### WHAT TO PRODUCE:
Repeat exactly the opening lines of the records, ending with the line that contains "Brooks Brothers Golden".

==== RECORDS SUPPLIED ====

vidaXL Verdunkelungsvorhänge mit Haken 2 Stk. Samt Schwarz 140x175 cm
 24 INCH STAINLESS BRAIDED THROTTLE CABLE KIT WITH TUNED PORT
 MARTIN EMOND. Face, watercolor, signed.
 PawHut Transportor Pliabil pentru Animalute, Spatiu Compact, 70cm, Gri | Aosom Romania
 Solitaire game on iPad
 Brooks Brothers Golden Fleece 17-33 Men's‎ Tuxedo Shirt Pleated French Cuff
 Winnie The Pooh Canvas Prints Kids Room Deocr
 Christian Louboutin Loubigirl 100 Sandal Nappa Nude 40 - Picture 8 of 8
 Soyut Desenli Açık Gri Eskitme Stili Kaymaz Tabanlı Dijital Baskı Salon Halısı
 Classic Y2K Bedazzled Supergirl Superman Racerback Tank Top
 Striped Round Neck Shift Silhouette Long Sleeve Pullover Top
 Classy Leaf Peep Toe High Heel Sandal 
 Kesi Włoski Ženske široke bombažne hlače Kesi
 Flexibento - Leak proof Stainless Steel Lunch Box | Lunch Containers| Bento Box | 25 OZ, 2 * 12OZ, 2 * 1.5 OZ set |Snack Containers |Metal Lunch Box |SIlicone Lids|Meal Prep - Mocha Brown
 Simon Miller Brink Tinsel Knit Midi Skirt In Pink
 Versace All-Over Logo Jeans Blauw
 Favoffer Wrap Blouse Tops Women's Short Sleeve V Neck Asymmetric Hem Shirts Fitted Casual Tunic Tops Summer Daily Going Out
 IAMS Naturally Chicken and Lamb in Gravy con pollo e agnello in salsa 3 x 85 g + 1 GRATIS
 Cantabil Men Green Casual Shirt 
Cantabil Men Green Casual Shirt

====

### SOLUTION:
vidaXL Verdunkelungsvorhänge mit Haken 2 Stk. Samt Schwarz 140x175 cm
 24 INCH STAINLESS BRAIDED THROTTLE CABLE KIT WITH TUNED PORT
 MARTIN EMOND. Face, watercolor, signed.
 PawHut Transportor Pliabil pentru Animalute, Spatiu Compact, 70cm, Gri | Aosom Romania
 Solitaire game on iPad
 Brooks Brothers Golden Fleece 17-33 Men's‎ Tuxedo Shirt Pleated French Cuff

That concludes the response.